→ Goal of the exercise
Write out the line that contains "Nike Yoga 2-in-1-herenshorts - Zwart" and every line after it through the end of the entries, exactly as given and with no other lines.

───── Materials provided ─────

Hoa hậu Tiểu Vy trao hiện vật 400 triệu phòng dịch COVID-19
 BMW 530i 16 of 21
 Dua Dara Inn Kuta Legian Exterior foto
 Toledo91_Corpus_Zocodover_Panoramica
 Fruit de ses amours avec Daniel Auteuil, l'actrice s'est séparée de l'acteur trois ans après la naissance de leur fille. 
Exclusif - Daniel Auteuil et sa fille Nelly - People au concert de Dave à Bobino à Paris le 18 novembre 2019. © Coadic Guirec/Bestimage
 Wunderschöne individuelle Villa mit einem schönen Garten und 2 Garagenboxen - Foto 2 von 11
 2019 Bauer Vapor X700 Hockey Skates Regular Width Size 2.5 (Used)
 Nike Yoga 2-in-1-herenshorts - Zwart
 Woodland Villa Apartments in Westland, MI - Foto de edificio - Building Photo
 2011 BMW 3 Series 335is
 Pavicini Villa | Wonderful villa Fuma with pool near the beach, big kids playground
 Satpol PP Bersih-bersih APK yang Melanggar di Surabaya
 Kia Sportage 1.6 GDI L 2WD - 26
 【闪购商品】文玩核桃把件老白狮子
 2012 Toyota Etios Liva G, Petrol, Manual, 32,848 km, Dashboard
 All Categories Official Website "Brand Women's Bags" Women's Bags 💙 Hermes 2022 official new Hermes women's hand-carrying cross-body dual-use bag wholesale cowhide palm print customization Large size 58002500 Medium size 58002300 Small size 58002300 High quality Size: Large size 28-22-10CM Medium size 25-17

─────

→ Solution to the exercise
 Nike Yoga 2-in-1-herenshorts - Zwart
 Woodland Villa Apartments in Westland, MI - Foto de edificio - Building Photo
 2011 BMW 3 Series 335is
 Pavicini Villa | Wonderful villa Fuma with pool near the beach, big kids playground
 Satpol PP Bersih-bersih APK yang Melanggar di Surabaya
 Kia Sportage 1.6 GDI L 2WD - 26
 【闪购商品】文玩核桃把件老白狮子
 2012 Toyota Etios Liva G, Petrol, Manual, 32,848 km, Dashboard
 All Categories Official Website "Brand Women's Bags" Women's Bags 💙 Hermes 2022 official new Hermes women's hand-carrying cross-body dual-use bag wholesale cowhide palm print customization Large size 58002500 Medium size 58002300 Small size 58002300 High quality Size: Large size 28-22-10CM Medium size 25-17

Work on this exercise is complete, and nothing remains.